● AIM OF THE EXERCISE
Would you retype the lines from the one that holds "Burberry sneakers/schoenen, Kleding" to the final line of the entries below, both ends included and exactly as written, but without pictures?

● MATERIAL FOR THE TASK
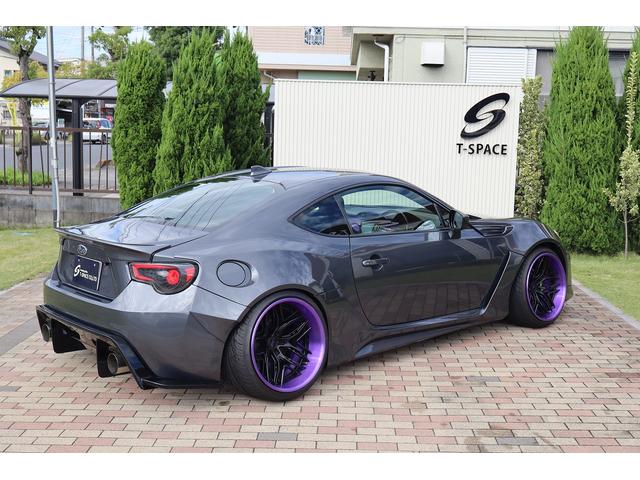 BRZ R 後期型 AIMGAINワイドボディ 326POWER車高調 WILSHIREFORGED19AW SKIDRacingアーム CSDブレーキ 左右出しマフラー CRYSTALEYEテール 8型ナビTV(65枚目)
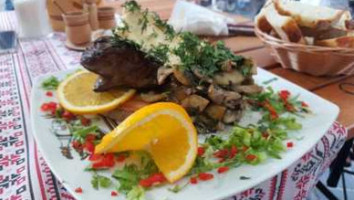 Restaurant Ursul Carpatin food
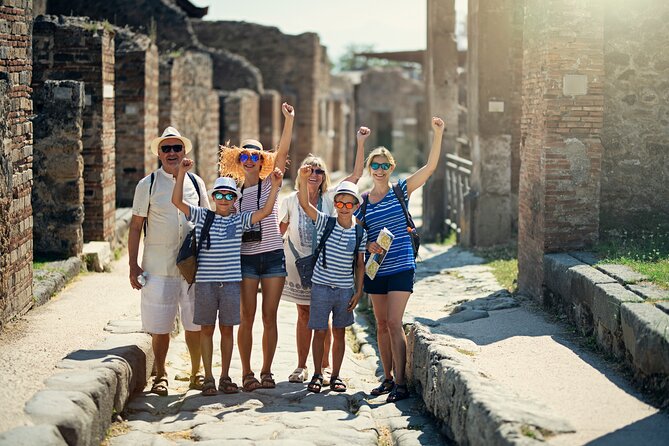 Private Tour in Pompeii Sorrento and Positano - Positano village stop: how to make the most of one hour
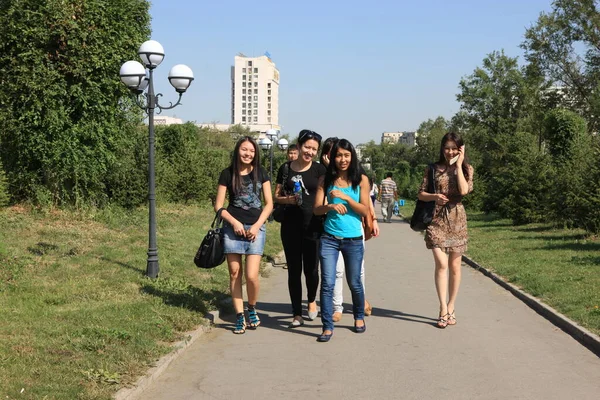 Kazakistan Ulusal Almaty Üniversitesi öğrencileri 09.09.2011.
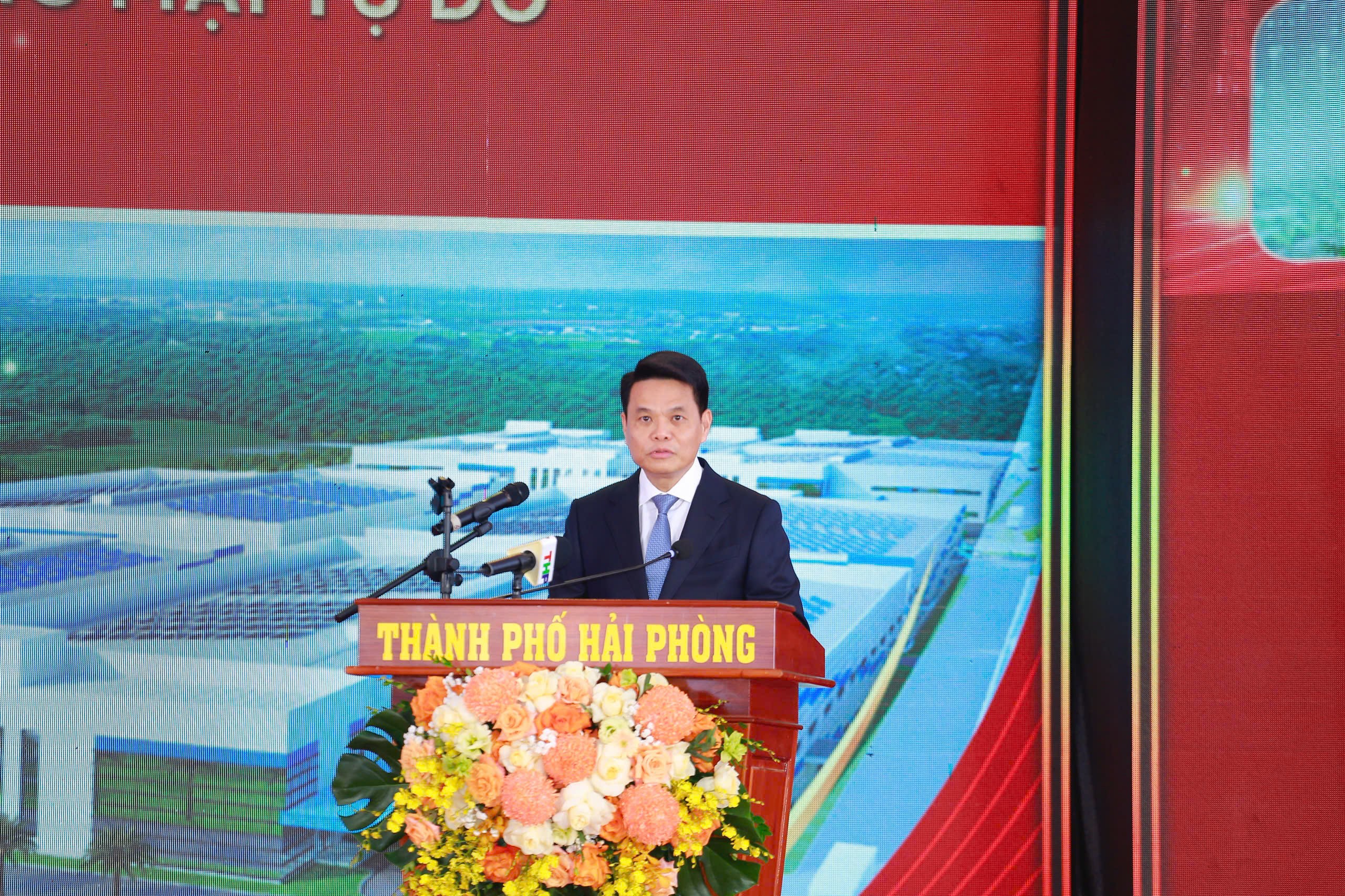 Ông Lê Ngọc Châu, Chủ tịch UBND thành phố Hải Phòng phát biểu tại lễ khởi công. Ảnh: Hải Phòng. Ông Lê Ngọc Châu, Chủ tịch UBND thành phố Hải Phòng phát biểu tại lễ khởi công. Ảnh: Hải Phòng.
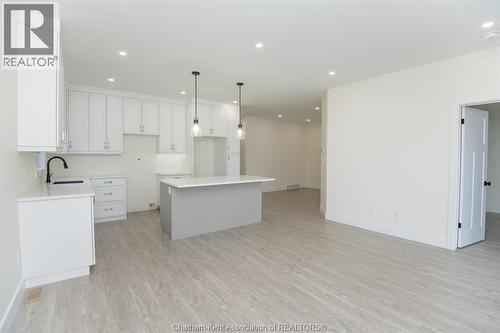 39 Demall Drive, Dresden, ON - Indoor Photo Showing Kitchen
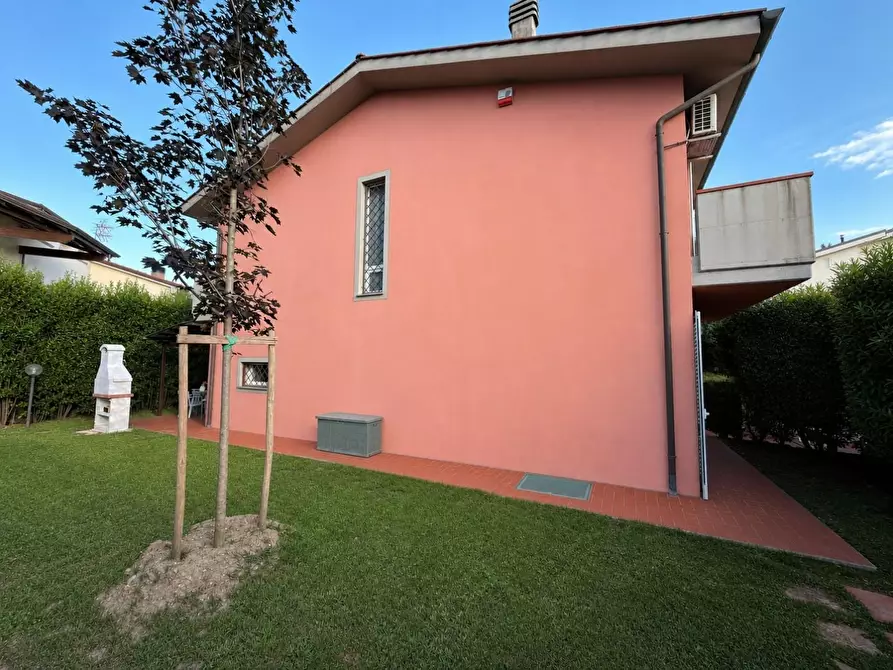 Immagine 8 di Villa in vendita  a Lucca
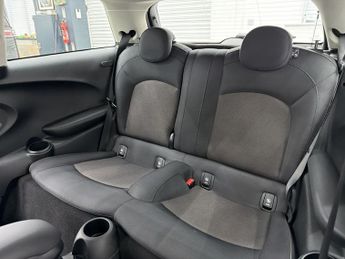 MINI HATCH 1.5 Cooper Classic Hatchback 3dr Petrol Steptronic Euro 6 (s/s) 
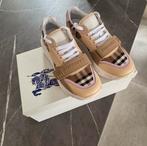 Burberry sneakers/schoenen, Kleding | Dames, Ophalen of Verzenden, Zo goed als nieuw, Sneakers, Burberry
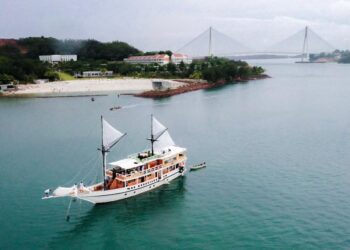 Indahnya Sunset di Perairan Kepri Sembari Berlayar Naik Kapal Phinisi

● ANSWER SECTION
 Burberry sneakers/schoenen, Kleding | Dames, Ophalen of Verzenden, Zo goed als nieuw, Sneakers, Burberry
 Indahnya Sunset di Perairan Kepri Sembari Berlayar Naik Kapal Phinisi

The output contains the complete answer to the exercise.